WHAT YOU ARE ASKED TO DO
Please write out all of the data below exactly, without including the pictures.

EXERCISE DATA
___

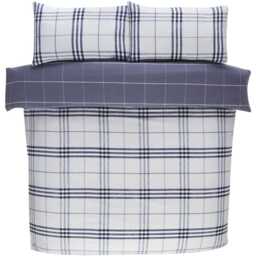 Harris check Microfibre Duvet Set - Denim / Single - thumbnail 3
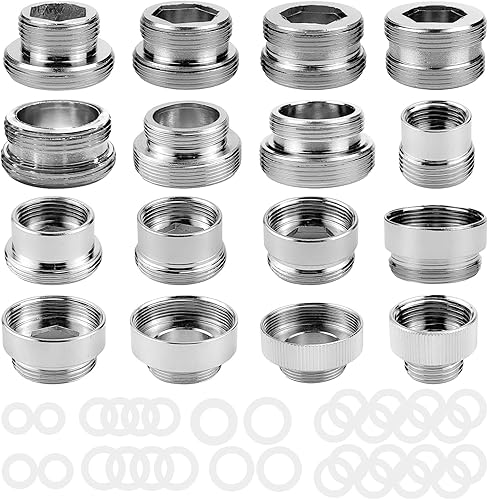 16 Stück Wasserhahn Adapter Set, Messing Wasseranschluss Adapter mit Dichtungen, Gewindeadapter, Wasserhahn Aufsatz, für Gartenschlauch Anschluss, Spülbecken, Wasserfilter - Cheap-Us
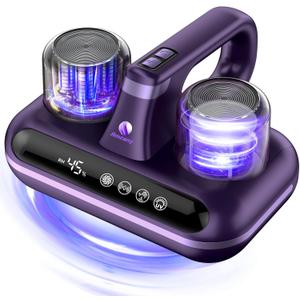 Mattress Vacuum Cleaner - 5-in-1 Cordless Bed Vacuum Cleaner, Powered by UV-C Light & Ultrasonic Technology, 16Kpa Strong Suction,Low Noise,Suitable for Dust, Pet Hair, Etc - Purple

___

FINISHED EXERCISE
 Harris check Microfibre Duvet Set - Denim / Single - thumbnail 3
 16 Stück Wasserhahn Adapter Set, Messing Wasseranschluss Adapter mit Dichtungen, Gewindeadapter, Wasserhahn Aufsatz, für Gartenschlauch Anschluss, Spülbecken, Wasserfilter - Cheap-Us
 Mattress Vacuum Cleaner - 5-in-1 Cordless Bed Vacuum Cleaner, Powered by UV-C Light & Ultrasonic Technology, 16Kpa Strong Suction,Low Noise,Suitable for Dust, Pet Hair, Etc - Purple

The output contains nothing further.